Berkeley’deki California Üniversitesi’nden bir araştırma ekibi, Pink Floyd’un ikonik şarkısı “Another Brick in the Wall, Part 1″i yalnızca bir dinleyicinin beyin dalgalarının kodunu çözme. Robert Knight ve diğerleri liderliğinde. ve PLOS Biology dergisinde yayınlanan bu başarı, mahremiyetin son kalesi olması gereken bilgilerin şifresini çözmede insanlığın ne kadar iyi hale geldiğini gösteriyor. Gelecekte, bu teknolojiye erişimi olan birinin atasözünü ödemesi bile gerekmeyecek. düşüncelerin için kuruş: sadece onları ve şu NYU reklam duvarlarından birini okuyabilecekler.
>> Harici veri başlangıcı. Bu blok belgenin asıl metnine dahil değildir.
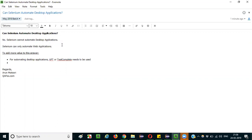Selenium cannot automate desktop applications, so how can it automate that scenario? Because it's part of the web application but belongs to desktop application functionality. In some parts of the application, like upload functionality, a desktop-type pop-up window appears, and Selenium cannot automate those dialogs that come in between the web application.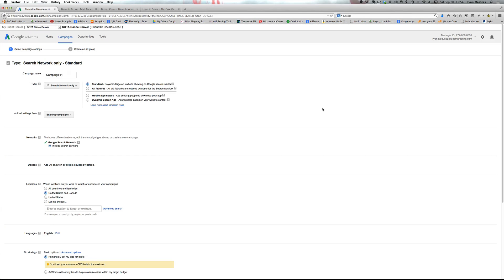All right, welcome to the next video in the Google AdWords tutorial and this one we're going to dive into the campaign settings. So we're going to start turning the dials and what we need to do to get your AdWords campaign rocking.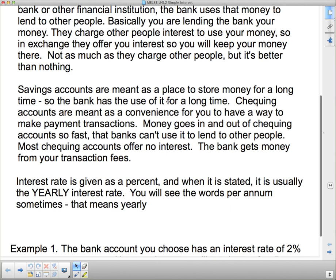Transaction fees are how the bank makes money off your checking account — basically from you, not other people. As a result, most checking accounts don't offer you any interest. But since a savings account holds money for a longer period, the bank will give you interest for that. An interest rate is usually given as a percent and is typically a yearly rate — per annum.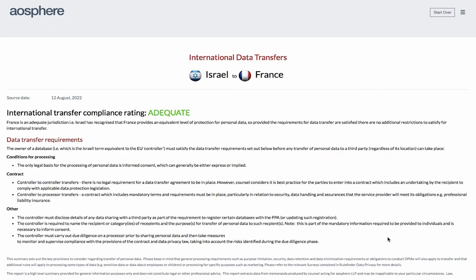You will see a compliance rating which is easy, manageable, complex, or for transfers to adequate destinations, adequate.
2012 ve 2013 yılları arasında gerçekleştirilen araştırma, 29 epilepsi hastasının beyinlerini elektrotlara bağladı (diğer yaklaşımların aksine, bunların doğrudan hastanın beynine bağlanması gerekiyordu, yani invaziv cerrahi gerekliydi). Elektrotlar daha sonra özellikle müzik işlemeden sorumlu olan beyin bölgelerinin elektriksel aktivitesini yakaladı – örüntü tanıma ve ton, ritim, uyum ve kelimelerin işlenmesine odaklanan alanlar.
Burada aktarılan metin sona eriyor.